# Task description:
An exact reprint of the listing is required, with no pictures included.

# Information provided:
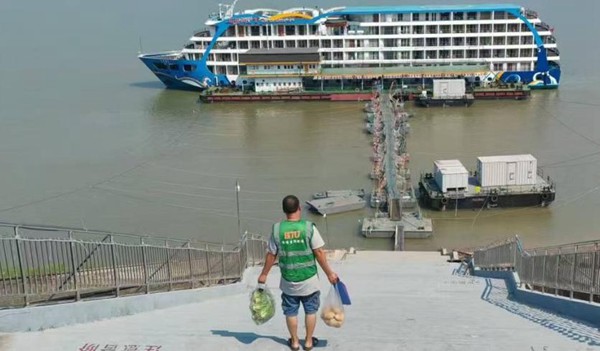 配送人員頂著烈日，無論貨物多少，上坡下坡、穿梭在大街小巷。豐都實業供圖。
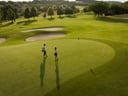 Zwei Golfer auf einem grünen Golfplatz.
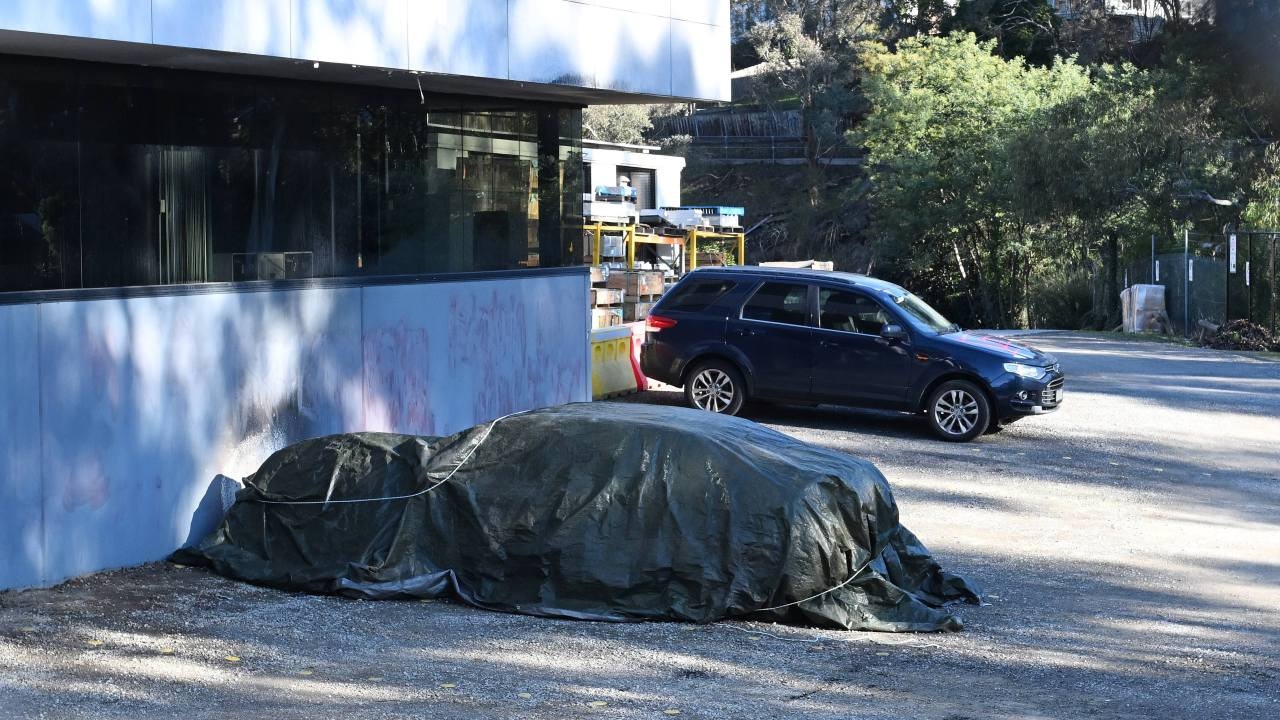 Victoria Police release CCTV footage of masked offenders who set cars on fire and graffitied business in Melbourne's north-east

# Solved problem:
 配送人員頂著烈日，無論貨物多少，上坡下坡、穿梭在大街小巷。豐都實業供圖。
 Zwei Golfer auf einem grünen Golfplatz.
 Victoria Police release CCTV footage of masked offenders who set cars on fire and graffitied business in Melbourne's north-east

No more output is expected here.